Das Ziel der Forscher: Finden Sie heraus, wie man Bitterkeit überdeckt, ohne Fett zu verwenden, um Geschmack hinzuzufügen. Wissenschaftler glauben, dass Fett in normalen Käsesorten Verbindungen absorbiert und dann maskiert, die für den „off-flavour“-Geschmack verantwortlich sind. In fettarmen Käsesorten sind weniger Fettkügelchen verfügbar, um mit solchen Verbindungen zu interagieren oder sie zu maskieren. Ihre Prävalenz ist zwar etwa gleich hoch wie bei fettreicheren Sorten, aber die Zunge nimmt Fehlaromen leichter wahr, weil der Maskierungseffekt reduziert ist.

Dieses Problem wurde in dieser neuesten Studie gelöst. Morris schreibt einem komplexen Zusammenspiel der mikrobiellen Biochemie innerhalb der Starterkulturen die Geschmacksverbesserungen für den fettarmen Cheddar seiner Gruppe zu. Die metabolischen Nebenprodukte der bakteriellen Mikroorganismen und die Art und Weise, wie sie während des Kochens interagieren, setzen bestimmte Enzyme frei, die anscheinend Substanzen abbauen oder zerstören, die Ihre Geschmacksnerven als weniger schmackhaft empfinden.

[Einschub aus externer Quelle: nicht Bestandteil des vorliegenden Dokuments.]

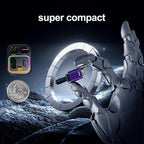 [2025 Mirco-Version] 4 in 1 Retractable Car Charger,69W Car Charger USB C,Cigarette Lighter Adapter,Fast Charging for iPhone 16e/16/15/14,13,Android (Purple, for Lightning+USB-C)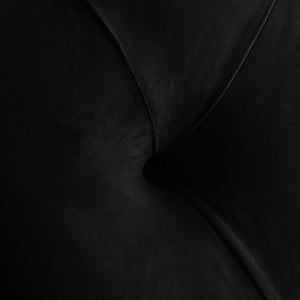 Kira Acrylic / Velvet / Plywood / Foam Contemporary Black Velvet King Bed - 96" W x 87.5" D x 60" H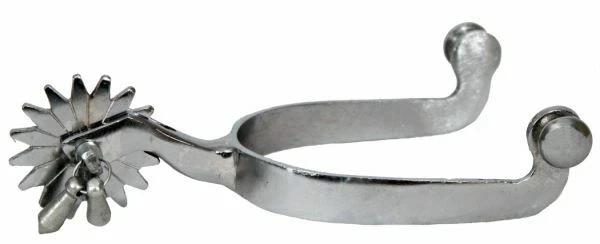 Western Saddle Horse Silver Steel Jingle Bob Horse Show Spurs Ranch Trail Rodeo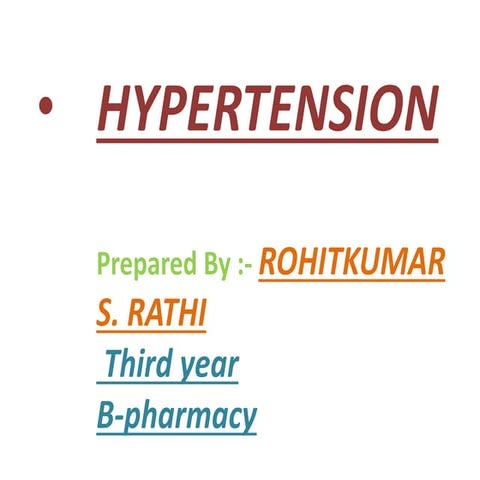 Presentation on hypertension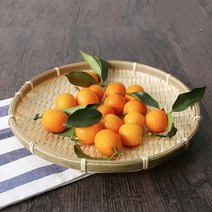 식품용 대형 대나무채반 싸리 소쿠리, 42cm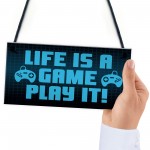 Funny Gaming Room Sign For Boys Bedroom Novelty Gaming Gifts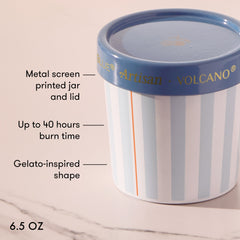 Volcano Caffè Capri Gelato Cup Candle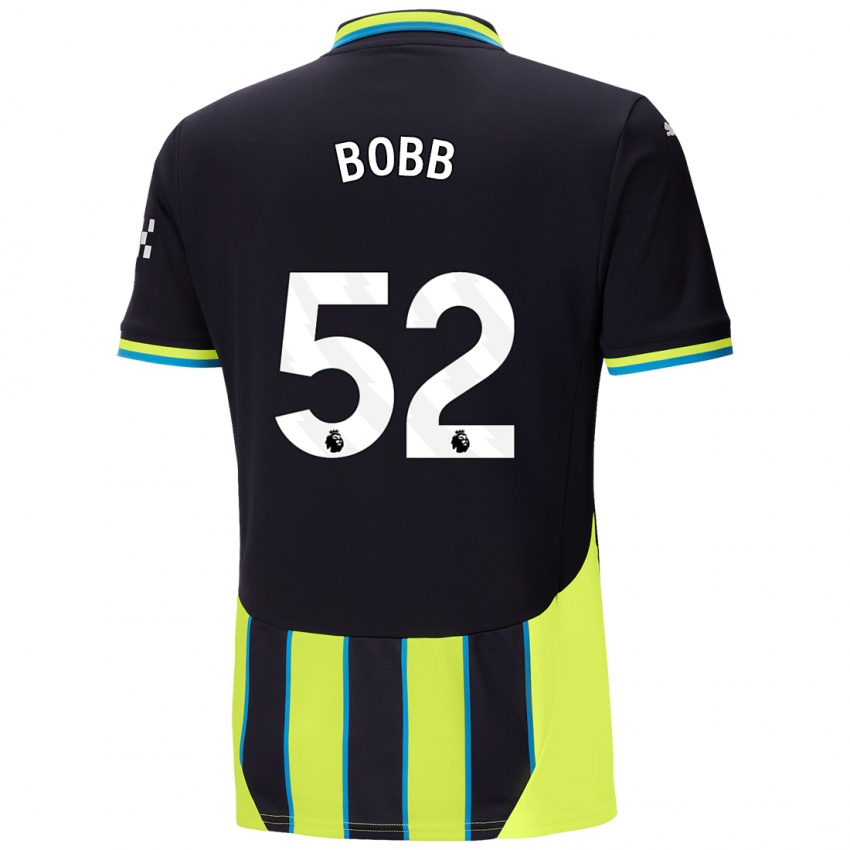 Homem Camisola Oscar Bobb #52 Azul Amarelo Alternativa 2024/25 Camisa Brasil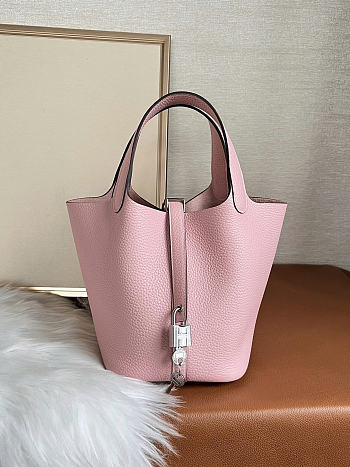 Hermès Picotin bag pink size 22x23cm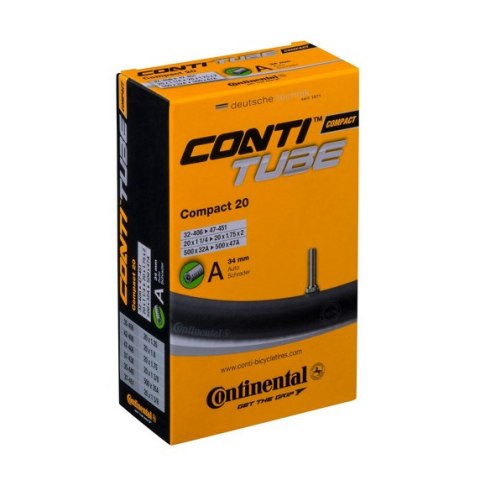 Dętka Continental Compact 20" Auto 34mm 32-406/47-451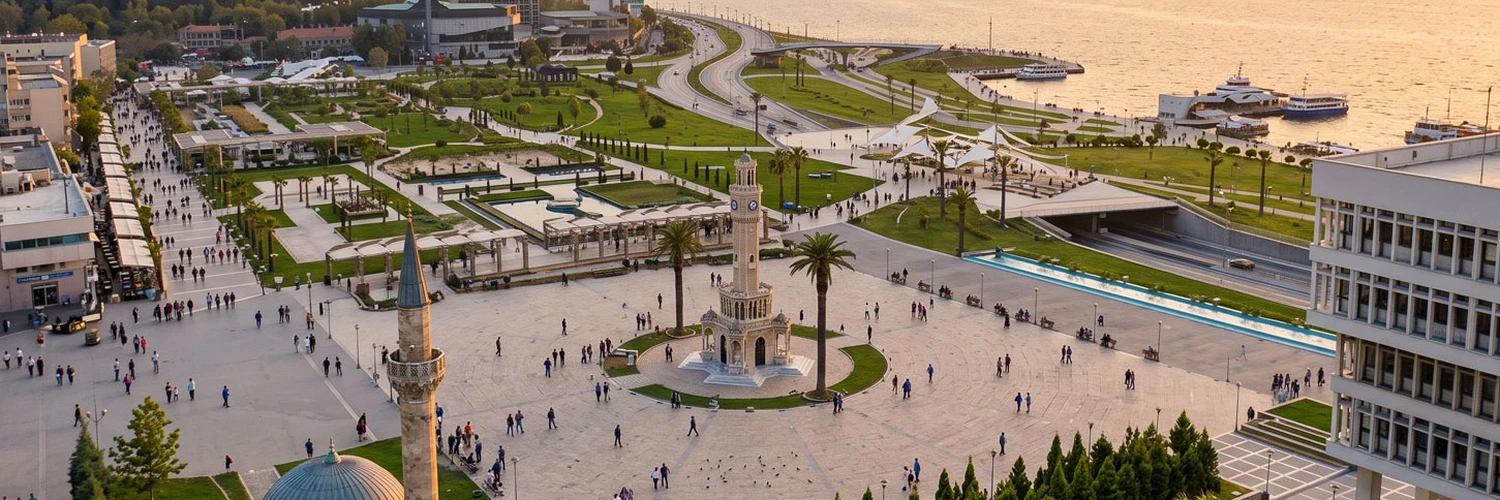 İzmir Saat Kulesi ve Konak Meydanı'nda Görülecekler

Zum Beispiel wurde Bitterkeit, ein üblicher Nebengeschmack in fettreduziertem Käse, durch die Verwendung von Kulturen mit spezifischen Enzymen eliminiert - solche, die die Bitterstoffe entweder gar nicht freisetzen oder sie abbauen.

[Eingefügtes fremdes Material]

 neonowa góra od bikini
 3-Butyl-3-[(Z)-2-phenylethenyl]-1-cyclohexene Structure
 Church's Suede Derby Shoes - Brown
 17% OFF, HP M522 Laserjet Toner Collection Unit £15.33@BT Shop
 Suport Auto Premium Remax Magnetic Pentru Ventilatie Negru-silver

"Die Industrie hat mit fettarmen Formulierungen zu kämpfen", sagte Joe Warthesen, Professor an der University of Minnesota und Leiter der Abteilung für Lebensmittelwissenschaft und Ernährung der Schule. Er ist auch Direktor des Minnesota-South Dakota Dairy Foods Research Center.

"Frühere (fettarme) Versionen hatten nicht die Textur, den Geschmack und die Konsistenz von normalfetten Käsesorten", bemerkt Warthesen. „Für Käseliebhaber ist diese Sorte eine gute Option. Es stellt den Geschmack wieder her.“

Vierundzwanzig 200-Pfund-Fässer mit Käse wurden während der Studie in der Schule zubereitet.

Neun geschulte Verkoster probierten die Ergebnisse und bewerteten die verschiedenen Sorten, die aus verschiedenen Starterkulturmischungen hervorgingen. Reifungskäse wurden nach 30, 90 und 150 Tagen auf Eigenschaften wie Gesamtaromaintensität, Festigkeit, Kaubarkeit, Herbheit, Bitterkeit, Salzigkeit, Säure und Milchigkeit bewertet. Verkoster verwendeten scharfe, vollfette Cheddars als Benchmark-Vergleiche.

„Die Ergebnisse dieser Forschung lassen sich sofort auf den Käsefertiger übertragen“, so Warthesen. „Käsehersteller können dies ohne Tamtam oder größere Neuinvestitionen übernehmen. Wir haben positive Rückmeldungen aus der Branche erh alten. Die Produzenten sagen, dass dies einen guten Käse ergibt.“

Das Projekt wurde von Dairy Management Inc., einem landesweiten Verband von Milchbauern, finanziert.